Mail-In Votes, 2021 Primary

With a tense race for District Attorney and the typically-packed race for Common Pleas, we’re all looking for any signals we can get.

The friendly folks at the Commissioners’ Office have shared mail-in ballot requests with me, so let’s dig in.

View code
library(dplyr)
library(tidyr)
library(ggplot2)
library(sf)
library(scales)

devtools::load_all("../../admin_scripts/sixtysix/")

mail <- readxl::read_xlsx(
  "../../data/raw_election_data/Vote by Mail Listing (5-11-21).xlsx",
  sheet = "Voter Listing"
)

dup_ids <- mail$`ID Number`[duplicated(mail$`ID Number`)] %>% unique()

mail_dup <- mail %>% filter(`ID Number` %in% dup_ids)
mail <- mail %>% filter(!`ID Number` %in% dup_ids)

mail_dup <- mail_dup %>%
    group_by(`ID Number`) %>%
    summarise(
      across(
        c(AppReturnedDate, BallotSent, BallotReturned),
        function(var){
          if(all(is.na(var))) return(NA)
          max(var, na.rm=T)
        }
      ),
      PartyDesc=ifelse(any(PartyDesc=="DEMOCRATIC"), "DEMOCRATIC", PartyDesc[1])
    )

mail <- bind_rows(mail, mail_dup)

df_major <- readRDS("../../data/processed_data/df_major_type_20210118.Rds")
head(df_major)
n_mail <- mail %>% 
  filter(PartyDesc=="DEMOCRATIC") %>% 
  mutate(ret = !is.na(BallotReturned)) %>%
  group_by(ret) %>% 
  count()

Some 78,178 Democratic voters requested ballots, and 35,802 of them had already been returned as of May 11th.

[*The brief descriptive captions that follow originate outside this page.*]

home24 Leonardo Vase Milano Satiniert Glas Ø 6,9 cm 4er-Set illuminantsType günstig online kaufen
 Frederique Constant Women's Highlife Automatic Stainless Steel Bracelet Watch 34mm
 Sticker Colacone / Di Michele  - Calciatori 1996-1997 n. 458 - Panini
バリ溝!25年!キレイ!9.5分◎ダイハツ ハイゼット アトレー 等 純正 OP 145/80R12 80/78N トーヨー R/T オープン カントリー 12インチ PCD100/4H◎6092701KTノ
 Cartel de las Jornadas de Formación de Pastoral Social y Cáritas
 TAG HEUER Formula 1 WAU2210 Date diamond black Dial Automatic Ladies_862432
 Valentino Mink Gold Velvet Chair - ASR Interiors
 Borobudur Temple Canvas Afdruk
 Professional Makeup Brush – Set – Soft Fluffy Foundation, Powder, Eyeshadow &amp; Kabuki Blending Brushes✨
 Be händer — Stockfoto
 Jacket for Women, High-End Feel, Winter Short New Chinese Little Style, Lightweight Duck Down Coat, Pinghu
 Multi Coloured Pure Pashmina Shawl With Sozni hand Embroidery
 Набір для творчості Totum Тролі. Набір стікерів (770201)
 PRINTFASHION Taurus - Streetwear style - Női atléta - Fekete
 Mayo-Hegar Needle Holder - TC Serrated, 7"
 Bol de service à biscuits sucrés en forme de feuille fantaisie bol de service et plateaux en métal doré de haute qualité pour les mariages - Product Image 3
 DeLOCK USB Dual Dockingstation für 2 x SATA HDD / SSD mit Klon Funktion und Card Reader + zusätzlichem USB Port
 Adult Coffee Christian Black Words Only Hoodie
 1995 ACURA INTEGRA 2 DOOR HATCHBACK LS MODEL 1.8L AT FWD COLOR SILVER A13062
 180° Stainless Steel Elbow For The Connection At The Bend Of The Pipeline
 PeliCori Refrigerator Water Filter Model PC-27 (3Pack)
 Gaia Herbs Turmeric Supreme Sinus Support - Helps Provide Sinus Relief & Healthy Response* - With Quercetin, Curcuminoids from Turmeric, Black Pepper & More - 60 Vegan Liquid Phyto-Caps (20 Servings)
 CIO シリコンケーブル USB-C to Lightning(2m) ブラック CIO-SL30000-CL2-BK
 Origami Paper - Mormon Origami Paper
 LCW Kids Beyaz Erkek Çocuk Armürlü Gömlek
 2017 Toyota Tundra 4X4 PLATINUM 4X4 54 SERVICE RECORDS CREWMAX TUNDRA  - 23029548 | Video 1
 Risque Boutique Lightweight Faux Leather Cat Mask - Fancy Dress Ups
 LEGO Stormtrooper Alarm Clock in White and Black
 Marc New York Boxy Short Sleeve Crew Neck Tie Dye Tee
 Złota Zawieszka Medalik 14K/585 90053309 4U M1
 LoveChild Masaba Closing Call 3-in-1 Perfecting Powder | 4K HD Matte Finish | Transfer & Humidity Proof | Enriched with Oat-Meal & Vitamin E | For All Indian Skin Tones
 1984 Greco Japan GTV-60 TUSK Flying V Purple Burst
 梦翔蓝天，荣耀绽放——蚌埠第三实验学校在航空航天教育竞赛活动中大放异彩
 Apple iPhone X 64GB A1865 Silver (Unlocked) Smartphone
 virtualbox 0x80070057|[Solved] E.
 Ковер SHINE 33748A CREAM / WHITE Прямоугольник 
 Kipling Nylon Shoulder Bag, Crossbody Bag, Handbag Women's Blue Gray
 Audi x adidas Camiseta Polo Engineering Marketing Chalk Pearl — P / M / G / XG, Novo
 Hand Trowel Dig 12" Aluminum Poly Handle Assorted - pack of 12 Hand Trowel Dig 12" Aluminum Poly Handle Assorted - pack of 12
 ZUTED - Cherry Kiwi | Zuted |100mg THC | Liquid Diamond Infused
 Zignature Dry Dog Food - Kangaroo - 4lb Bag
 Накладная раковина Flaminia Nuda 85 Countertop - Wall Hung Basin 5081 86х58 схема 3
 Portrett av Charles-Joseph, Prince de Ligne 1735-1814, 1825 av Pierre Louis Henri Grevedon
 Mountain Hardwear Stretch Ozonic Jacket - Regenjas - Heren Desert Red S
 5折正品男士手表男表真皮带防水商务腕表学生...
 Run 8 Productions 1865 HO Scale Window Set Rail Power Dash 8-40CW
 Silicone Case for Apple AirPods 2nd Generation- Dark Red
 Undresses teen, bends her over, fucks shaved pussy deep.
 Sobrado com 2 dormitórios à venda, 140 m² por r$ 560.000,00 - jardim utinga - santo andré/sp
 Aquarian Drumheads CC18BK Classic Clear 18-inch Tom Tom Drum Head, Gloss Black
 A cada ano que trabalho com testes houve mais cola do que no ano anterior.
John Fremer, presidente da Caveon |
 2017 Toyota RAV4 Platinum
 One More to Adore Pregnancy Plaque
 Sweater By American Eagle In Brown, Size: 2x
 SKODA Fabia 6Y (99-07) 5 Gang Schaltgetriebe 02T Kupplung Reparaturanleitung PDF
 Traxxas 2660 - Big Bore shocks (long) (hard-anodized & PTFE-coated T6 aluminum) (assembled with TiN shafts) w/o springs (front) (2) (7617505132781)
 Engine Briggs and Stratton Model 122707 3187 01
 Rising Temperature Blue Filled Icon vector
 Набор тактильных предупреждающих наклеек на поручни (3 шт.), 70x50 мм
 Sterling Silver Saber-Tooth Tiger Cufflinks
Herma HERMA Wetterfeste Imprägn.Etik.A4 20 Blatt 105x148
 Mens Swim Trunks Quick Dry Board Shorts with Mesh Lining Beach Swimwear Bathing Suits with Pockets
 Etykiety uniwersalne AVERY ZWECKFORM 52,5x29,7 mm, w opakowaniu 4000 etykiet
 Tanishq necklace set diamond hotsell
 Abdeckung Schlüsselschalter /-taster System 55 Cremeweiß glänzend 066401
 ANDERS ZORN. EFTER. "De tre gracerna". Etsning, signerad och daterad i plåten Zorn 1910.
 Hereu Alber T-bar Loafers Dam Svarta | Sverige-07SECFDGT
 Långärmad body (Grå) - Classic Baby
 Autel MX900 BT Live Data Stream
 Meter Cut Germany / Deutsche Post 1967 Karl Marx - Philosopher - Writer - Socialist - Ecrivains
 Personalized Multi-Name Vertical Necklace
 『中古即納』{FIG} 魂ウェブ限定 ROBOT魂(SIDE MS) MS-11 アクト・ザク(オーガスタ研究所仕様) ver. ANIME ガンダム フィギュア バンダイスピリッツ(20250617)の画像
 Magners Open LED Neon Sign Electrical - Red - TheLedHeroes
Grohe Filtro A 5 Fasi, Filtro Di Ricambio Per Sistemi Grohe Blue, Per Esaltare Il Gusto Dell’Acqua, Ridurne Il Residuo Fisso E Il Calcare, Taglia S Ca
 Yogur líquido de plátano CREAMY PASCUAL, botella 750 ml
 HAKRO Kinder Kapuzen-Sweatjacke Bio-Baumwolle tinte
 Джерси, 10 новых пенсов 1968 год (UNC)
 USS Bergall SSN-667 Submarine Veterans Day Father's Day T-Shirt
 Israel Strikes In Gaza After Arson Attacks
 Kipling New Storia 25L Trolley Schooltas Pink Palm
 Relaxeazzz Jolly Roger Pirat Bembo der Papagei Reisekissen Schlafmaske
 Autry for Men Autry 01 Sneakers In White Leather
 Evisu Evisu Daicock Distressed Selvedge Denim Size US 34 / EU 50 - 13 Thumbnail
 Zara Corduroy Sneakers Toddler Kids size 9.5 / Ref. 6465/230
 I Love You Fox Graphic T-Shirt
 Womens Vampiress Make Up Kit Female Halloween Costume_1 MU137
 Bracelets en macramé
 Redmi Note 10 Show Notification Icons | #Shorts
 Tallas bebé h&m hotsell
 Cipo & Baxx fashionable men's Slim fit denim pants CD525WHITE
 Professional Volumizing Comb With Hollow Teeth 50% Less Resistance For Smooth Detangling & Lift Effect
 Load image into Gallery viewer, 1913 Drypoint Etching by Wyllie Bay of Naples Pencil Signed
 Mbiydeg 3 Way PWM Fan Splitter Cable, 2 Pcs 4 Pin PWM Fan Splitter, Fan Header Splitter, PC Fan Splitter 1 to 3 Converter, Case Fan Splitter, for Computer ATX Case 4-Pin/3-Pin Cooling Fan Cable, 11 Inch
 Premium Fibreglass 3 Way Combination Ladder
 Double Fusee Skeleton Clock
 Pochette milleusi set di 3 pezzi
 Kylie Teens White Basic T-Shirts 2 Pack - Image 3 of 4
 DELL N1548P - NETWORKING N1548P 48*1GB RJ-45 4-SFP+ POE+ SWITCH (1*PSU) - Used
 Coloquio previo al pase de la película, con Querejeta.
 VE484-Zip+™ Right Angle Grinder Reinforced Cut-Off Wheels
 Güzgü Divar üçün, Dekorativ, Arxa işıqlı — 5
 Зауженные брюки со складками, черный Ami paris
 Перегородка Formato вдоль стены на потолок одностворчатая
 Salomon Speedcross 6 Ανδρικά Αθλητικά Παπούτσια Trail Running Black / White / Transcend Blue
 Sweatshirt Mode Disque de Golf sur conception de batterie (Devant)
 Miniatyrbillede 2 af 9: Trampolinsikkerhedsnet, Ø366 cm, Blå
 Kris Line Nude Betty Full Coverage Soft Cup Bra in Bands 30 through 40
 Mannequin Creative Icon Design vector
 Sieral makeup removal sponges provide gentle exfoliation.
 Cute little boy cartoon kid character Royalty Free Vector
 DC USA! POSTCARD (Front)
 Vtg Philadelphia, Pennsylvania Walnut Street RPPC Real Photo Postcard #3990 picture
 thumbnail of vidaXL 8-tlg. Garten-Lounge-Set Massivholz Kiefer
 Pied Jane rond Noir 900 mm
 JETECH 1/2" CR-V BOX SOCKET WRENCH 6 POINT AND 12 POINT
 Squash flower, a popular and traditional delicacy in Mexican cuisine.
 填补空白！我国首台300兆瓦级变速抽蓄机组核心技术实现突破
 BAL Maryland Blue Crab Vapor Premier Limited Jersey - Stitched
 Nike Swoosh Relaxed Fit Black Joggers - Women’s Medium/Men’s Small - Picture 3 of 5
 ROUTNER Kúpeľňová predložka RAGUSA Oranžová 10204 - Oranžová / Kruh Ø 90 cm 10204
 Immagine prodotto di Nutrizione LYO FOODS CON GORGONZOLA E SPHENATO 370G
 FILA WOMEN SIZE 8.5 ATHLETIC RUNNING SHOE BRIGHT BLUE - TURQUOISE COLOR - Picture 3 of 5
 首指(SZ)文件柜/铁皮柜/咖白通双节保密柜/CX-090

That suggests we’ll get close to the 155,000 votes cast in 2017.

View code
turnout <- df_major %>% 
  filter(is_topline_office) %>%
  filter(election_type=="primary", party=="DEMOCRATIC") %>%
  group_by(year, ward, type) %>%
  summarise(votes=sum(votes)) %>%
  group_by(year, ward) %>%
  mutate(total=sum(votes)) %>%
  ungroup() %>%
  pivot_wider(names_from="type", values_from="votes", values_fill = list(votes=0))

cycle <- function(year){
  year <- asnum(year)
  cycle_num <- year %% 4
  c("President", "District Attorney", "Governor", "Mayor")[cycle_num+1]
}

ggplot(
  turnout %>% group_by(year) %>%
    summarise(across(A:total, sum)) %>%
    mutate(
      cycle=cycle(year)
    ),
  aes(x=asnum(year), y=total, color=cycle)
) +
  geom_line(aes(group=cycle), size=2) +
  scale_color_manual(
    values=with(
      colors_sixtysix(), 
      c(
        President = light_red, `District Attorney`=light_green, 
        Governor = light_orange, Mayor = light_blue,
        "2021 Mail-In\nRequests"=light_green
      )
    ),
    guide=FALSE
  ) +
  theme_sixtysix() +
  expand_limits(y=0) +
  scale_y_continuous(labels=scales::comma) +
  geom_point(
    data=data.frame(year=2021, total=sum(n_mail$n), cycle="District Attorney"),
    size=4
  ) +
  geom_text(
    data=tribble(
      ~year, ~cycle, ~total,
      2016, "President", 370e3,
      2015.5, "Mayor", 250e3,
      2015.2, "Governor", 190e3,
      2012, "District Attorney", 40e3,
      2018.7, "2021 Mail-In\nRequests", 40e3
    ),
    hjust=0,
    size=4,
    aes(label=cycle)
  )+
  labs(
    title="Votes in Democratic Primaries",
    y="Votes cast for topline office",
    x=NULL,
    fill=NULL
  )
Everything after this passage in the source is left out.